Sonic Spectrum, Yahoo Pipes & Content Liberation
As an inspirational influence to the previous iteration of Patchchord.com, Robert Moore’s weekly “Sonic Spectrum” radio show on 89.3 KCUR was one of my few “must hear” ties to old media. It was always a remarkably eclectic mix of music and musings with a healthy dose of local flavor. When Moore left KCUR, it felt like there was a definite void when it came to coverage of the local music scene.
When “Sonic Spectrum” returned, this time as an ongoing feature over at PresentMagazine.com, I was thrilled. Labeled as a “podcast,” I was excited to subscribe and get my weekly dose of aural oddities and goodness delivered directly to my iPod. To my disappointment, however, there was no RSS feed to be found.
Well, that sucked…and didn’t make sense either. Via Wikipedia…
A podcast is a series of digital-media files which are distributed over the Internet using syndication feeds for playback on portable media players and computers. [emphasis mine]
Now nearly a year later, I finally had a way to do something about that. Enter Yahoo Pipes. Yahoo Pipes is “a powerful composition tool to aggregate, manipulate, and mashup content from around the web.” I’m a visual learner by nature, so Pipes’ fastastic “plug and play” visual graphic interface was very easy to work with. After some casual messing around, I realized that the potential of creating a screen scraper was sitting here right in front of me. Time to roll up my sleeves and get to work.
WARNING: MASSIVE GEEK OUT
First things first, I employed the Fetch Page module to execute the screen scrape, setting it to pull out the main chunk of HTML content that I needed from the PresentMagazine.com “Sonic Spectrum” page. Thankfully, this summary page appeared to have nearly everything I could need to create a complete feed, though I would still have to sift out some code to extract only exactly what I needed.
Here is where I quickly hit my first learning point, which was coming face to face with the notion of having to use regular expressions (regex) to filter the extraneous junk from the screen scrape. As I’ve said before, my kung-fu is weak compared to the sort of talented developers I work with everyday. Yet by deconstructing/reverse engineering a few other feeds, including this one in particular, I was able to get most of the way there. (Big ups to Chris over at the816.com for helping me take the last few steps in this department.)
After the initial Regex module, I was able to divide and assign the content to 4 of the 5 primary RSS feed items I would need in the finished product: title, description, link and a published date.
I still had some more refining to do to the content, so another Regex module helped me clear up the last vestiges of HTML in the feed items.
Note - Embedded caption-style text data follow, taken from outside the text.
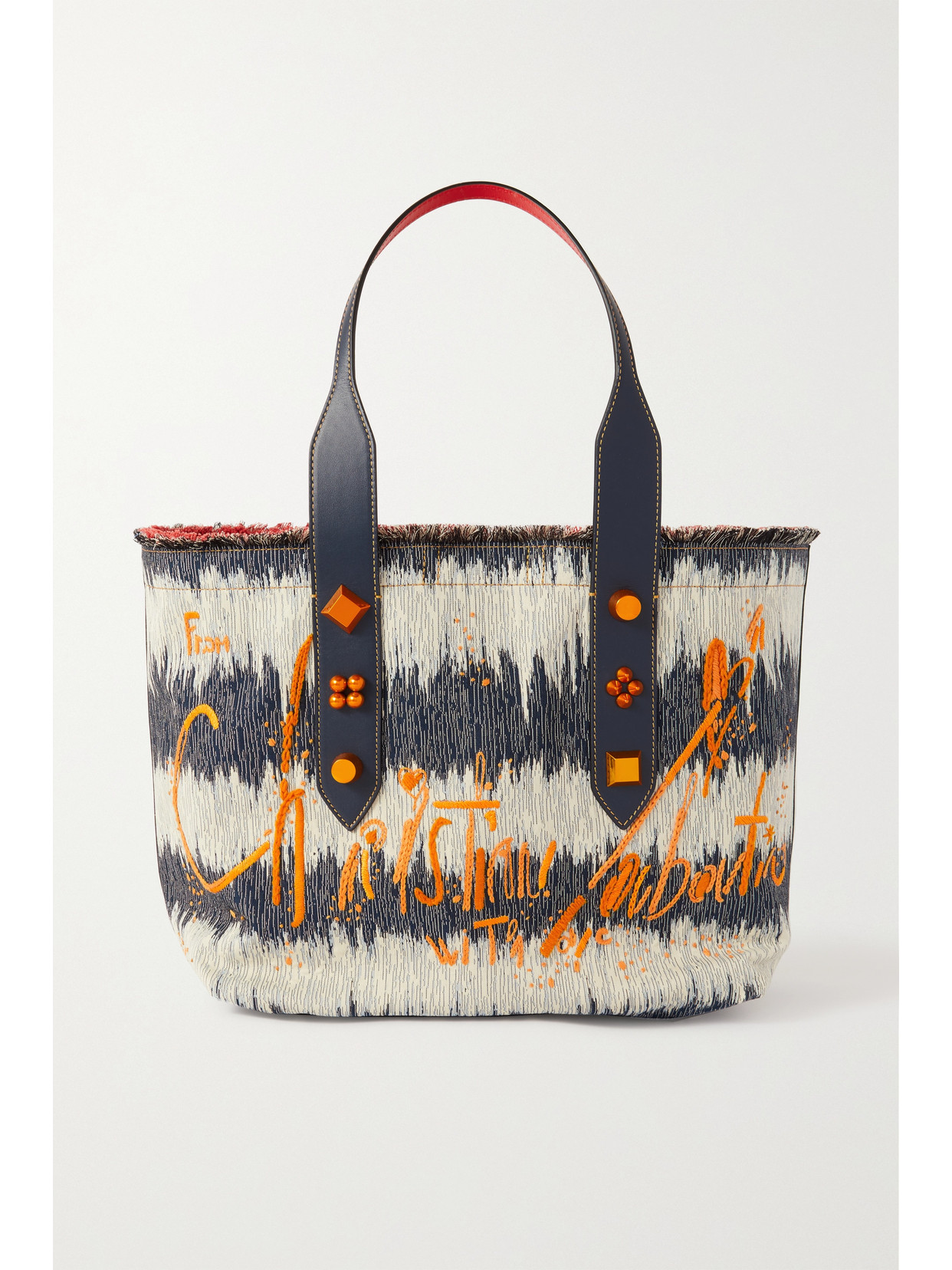 CHRISTIAN LOUBOUTIN FRANGIBUS MEDIUM LEATHER-TRIMMED EMBROIDERED CANVAS TOTE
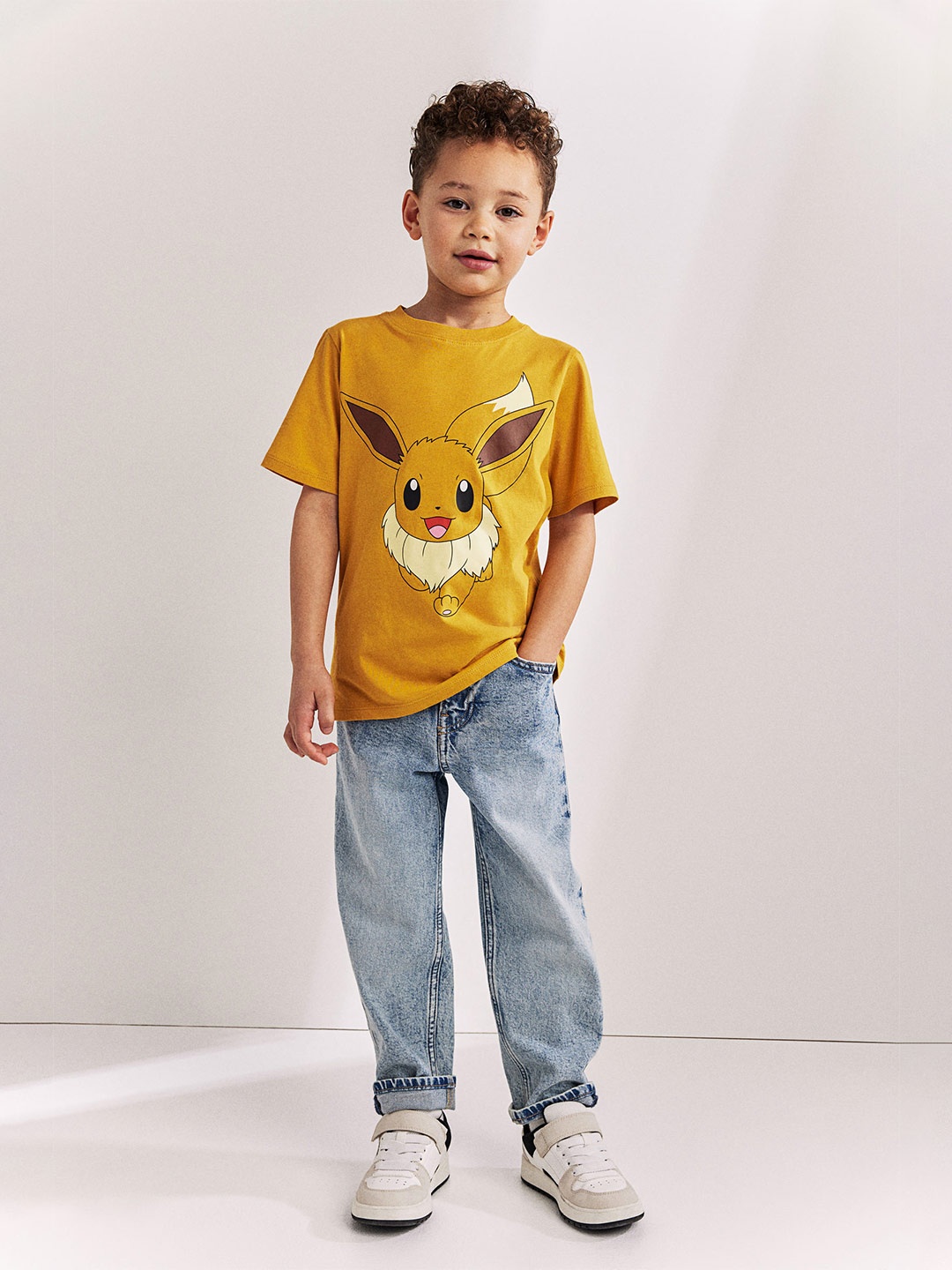 

H&M Boys 4-Pack Printed Cotton T-shirts, Yellow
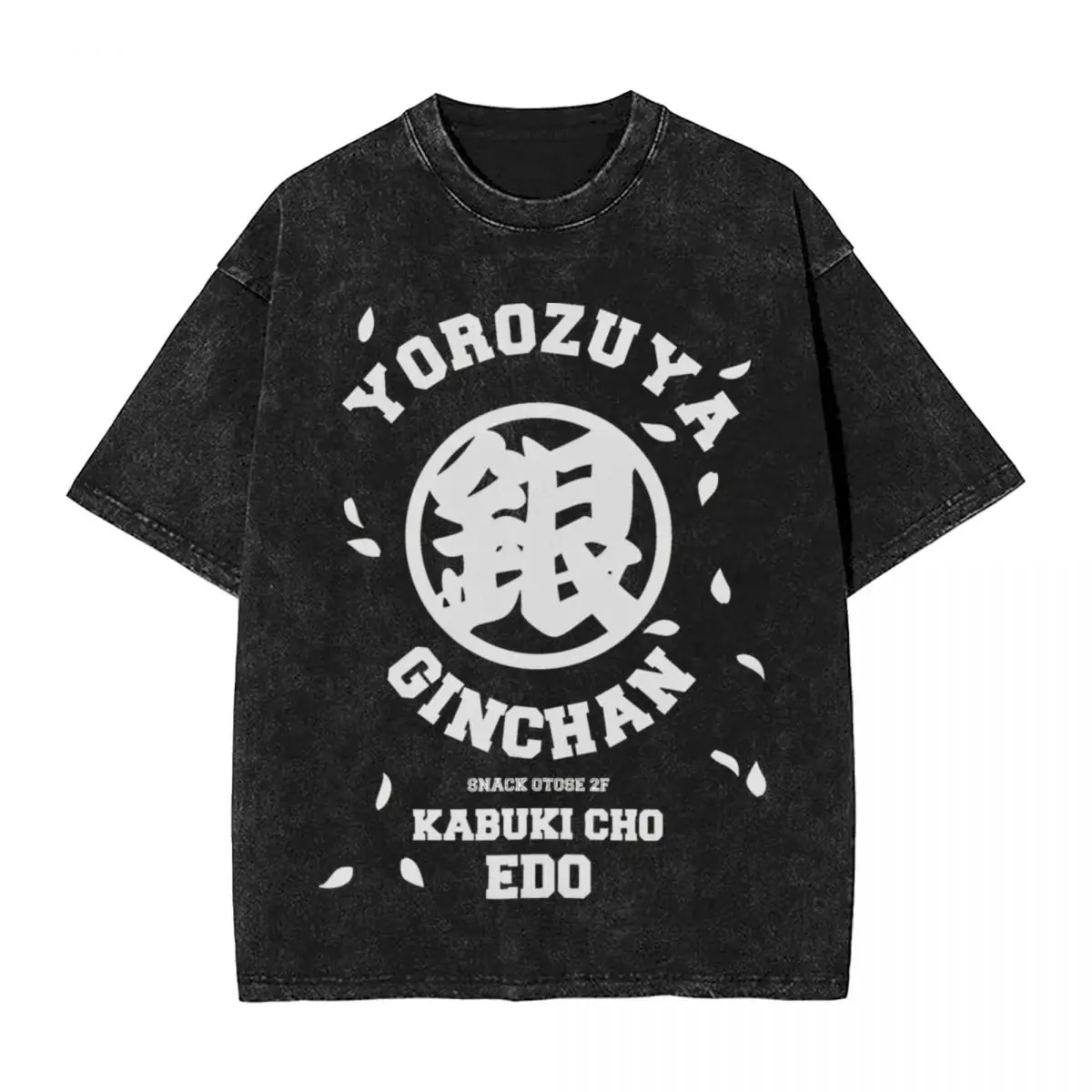 Yorozuya Ginchan T Shirt Hip Hop Washed Cotton Harajuku T-Shirts Gintama Retro for Men Women Tops Streetwear Graphic Tees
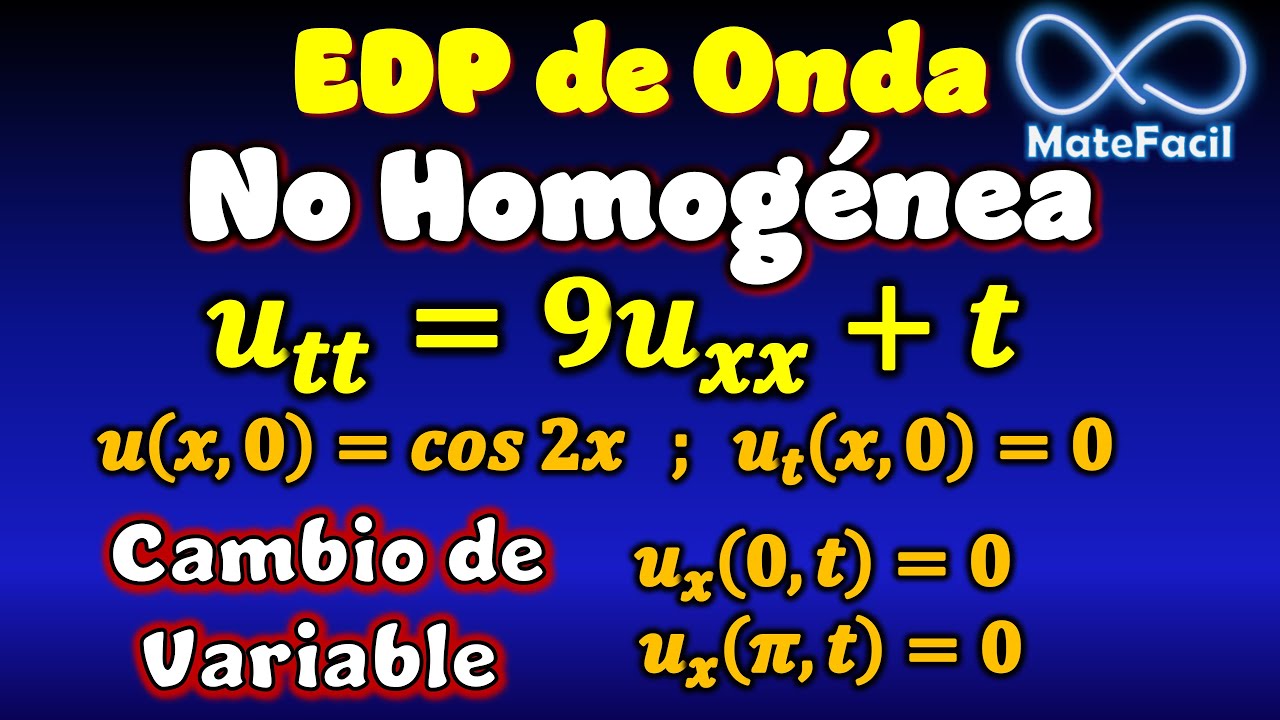 EDP de Onda No Homogénea, resuelta por Cambio de Variable, Paso a Paso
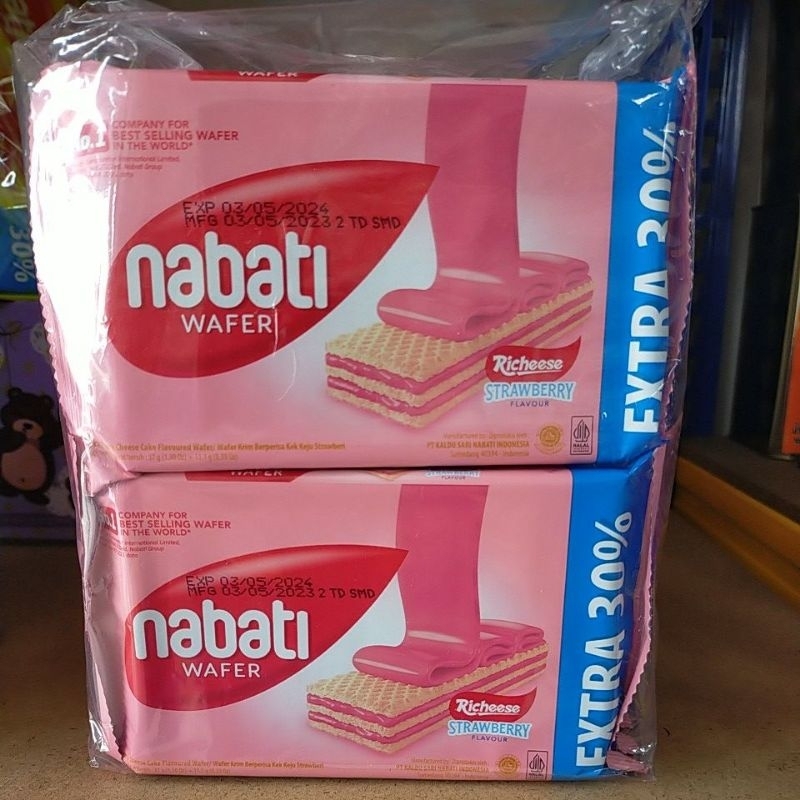 Nabati Wafer Richeese Strawberry Flavour 37g Extra 30% | Shopee Malaysia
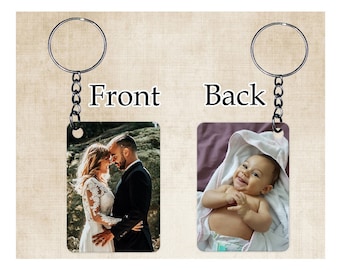 PERSONALISED Custom Photo Rectangle key Ring, Gift, Keepsake, Family, Kids, Pets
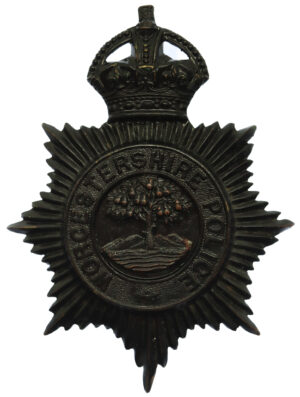 Worcestershire Constabulary (Worcestershire Police) Blackened Brass Helmet Plate - King's Crown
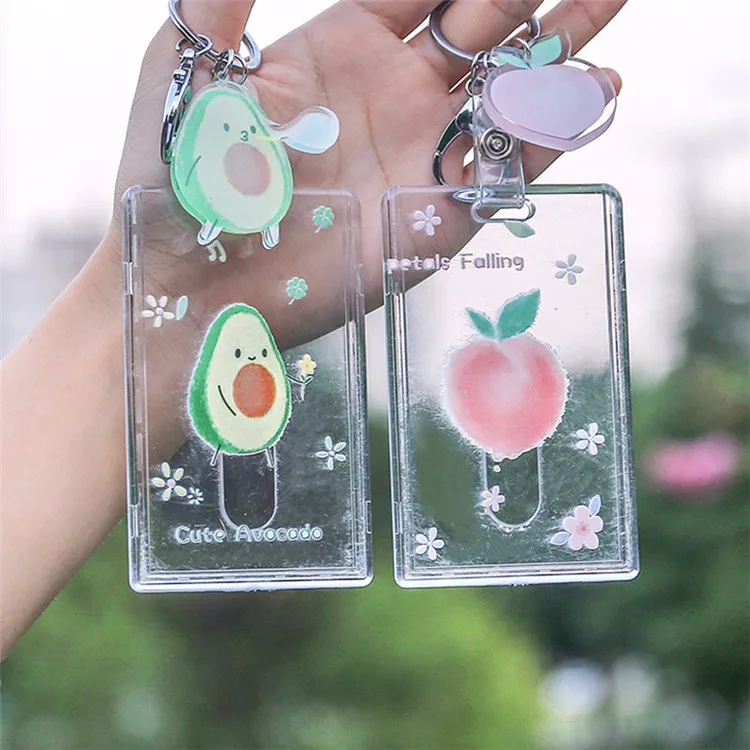Милый прозрачный держатель для карт авокадо студенческий мультяшный брелок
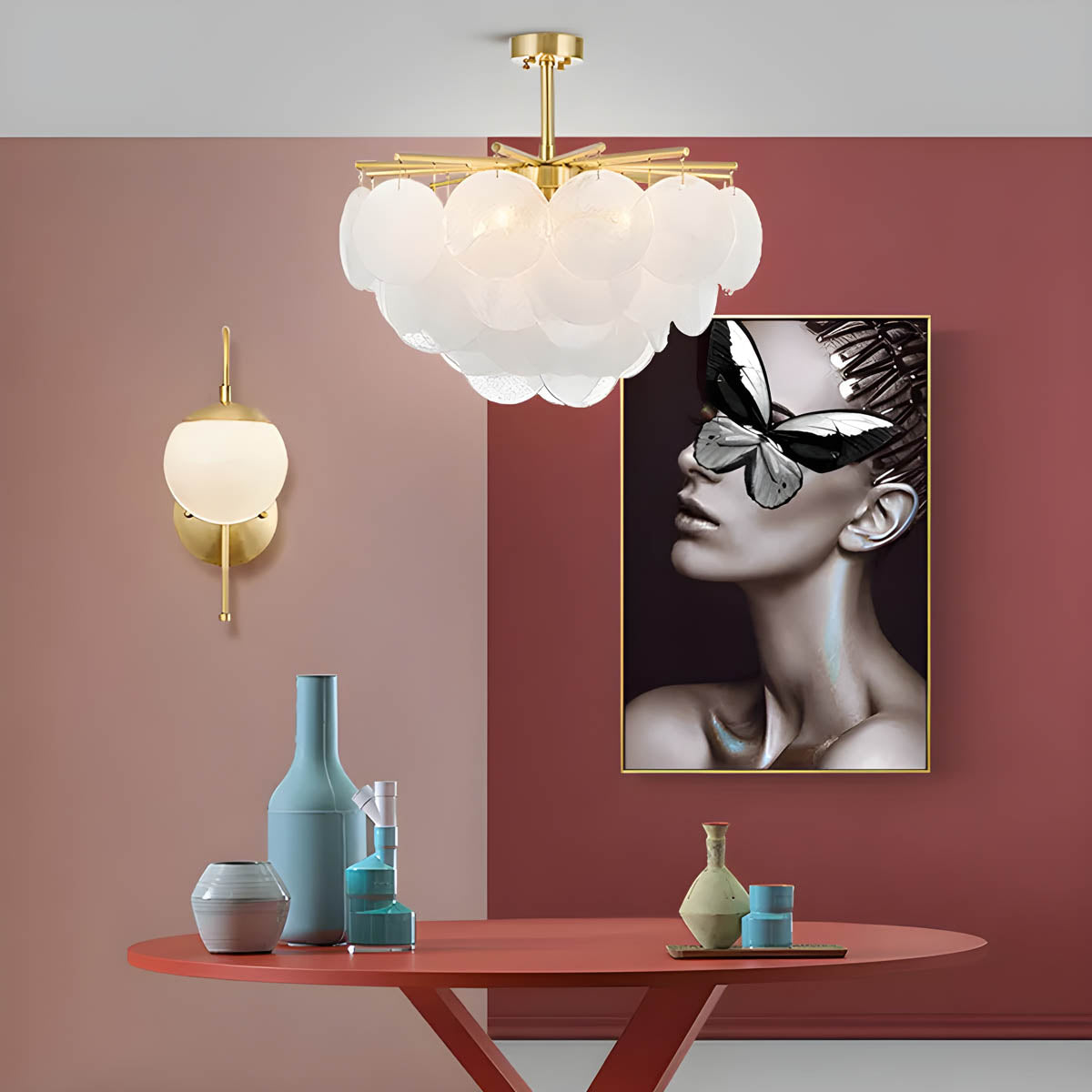 Semi-flush Ceiling Light with Diamond-effect Glass Shade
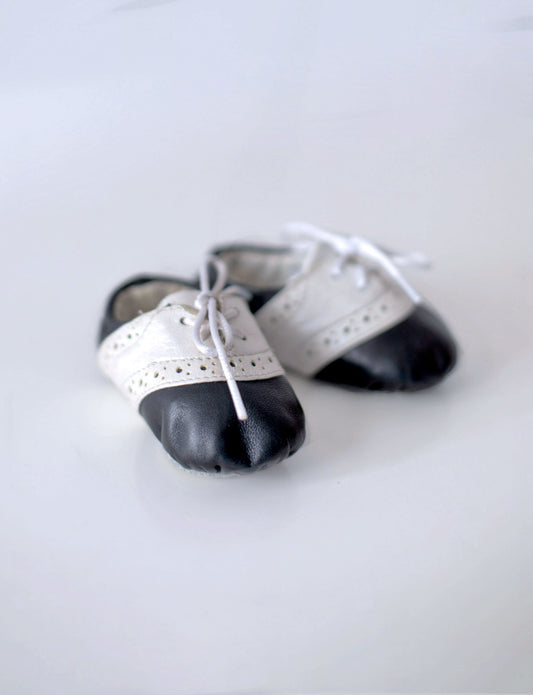 [US1] Baby Bloch Black & White Leather Shoes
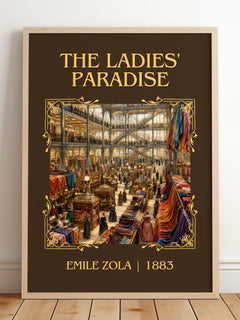 The Ladies' Paradise Classic Book Art Print by Émile Zola – framed print leaning on a wooden floor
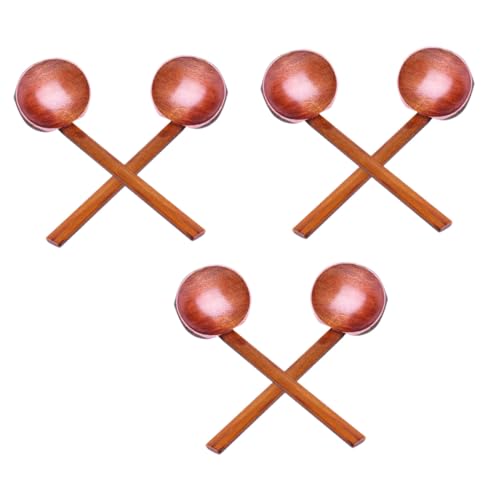 IWOWHERO 6 Stück Teiliges Holzlöffel mit Langem Griff Japanischer Ramen-suppenlöffel aus Holz Facettierter Anti-rutsch-suppenkelle für Kochen Servieren und Rühren im Haushalt und Restaurant von IWOWHERO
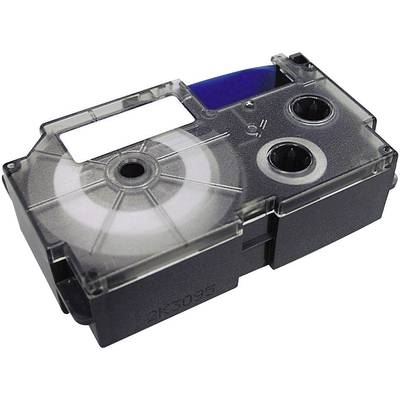 Printerfarvebåndskassette med transparent kabinet, der viser de indvendige spoler. Egnet til nåleprinter.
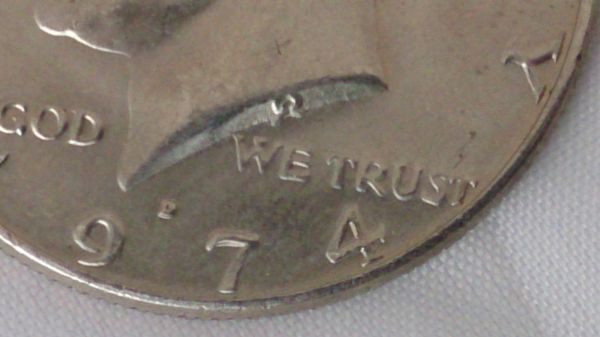 1974-Kennedy-Half-Dollar-With-A-Mark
After that, I employeed a looped Date Builder module to transform the scraped date info into a RSS-friendly format.
The first time around constructing the pipe, I didn’t install the Filter module that comes next, but later realized it was needed when I saw non-“podcast” posts publishing to the feed…news items about Sonic Spectrum, etc. This filter ensures that only items with a number in the title pass through the Pipe any further (ie. “Podcast 40″ vs. “Sonic Spectrum at Jilly’s”).
The final few steps are all related to getting at the actual MP3 of the show. I dropped in a looped Fetch Page module that’s designed to follow the link item to the individual article page for each podcast and scoop out the HTML surrounding the MP3 to create an enclosure item. Another Regex module pulls out the exact URL for the MP3 and redefines the content of the enclosure item. Finally, a looped item builder assigns the MP3 file to a URL attibute and hardcodes the length and type attributes. A quick Rename module cleans up the enclosure item before the final Pipe output.
[If that recap wasn’t far enough down in the weeds for you, feel free to poke around the Pipe for yourself.]
So the next step was to take this puppy over to Feedburner and pass it through there. Not required, but more of a way to track the feed’s performance and number of subscribers, to appease my sense of curiosity if nothing else. However, it also gives me a nice, clean URL for the final feed. (Mmmm, clean feeds URLs.) I also played around with their SmartCast setup as a way of making it more compatible with iTunes. Unfortunately, my submission of the feed to be listed in the iTunes podcast directory listings was rejected. The note I got back from iTunes provided no detail as to why the feed was kicked back. Since I would have to change the feed title and URL as to avoid Apple’s duplicate feed autofilter on iTunes, resubmitting would require me to play a guessing game on why it was rejected and plus a lot of other work that I just don’t have time for. C’est la vie.
/END MASSIVE GEEK OUT
Regardless of the final fail on achieving a directory listing in iTunes, the feed is viable for use in iTunes. Just go to the “Advanced” menu in iTunes, select “Subscribe to Podcast…” and drop in http://feeds.feedburner.com/SonicSpectrum. That should also work in your friendly neighborhood feed reader of choice too.
So, welcome to the PresentMagazine.com “Sonic Spectrum” Podcast hosted by Robert Moore. Enjoy!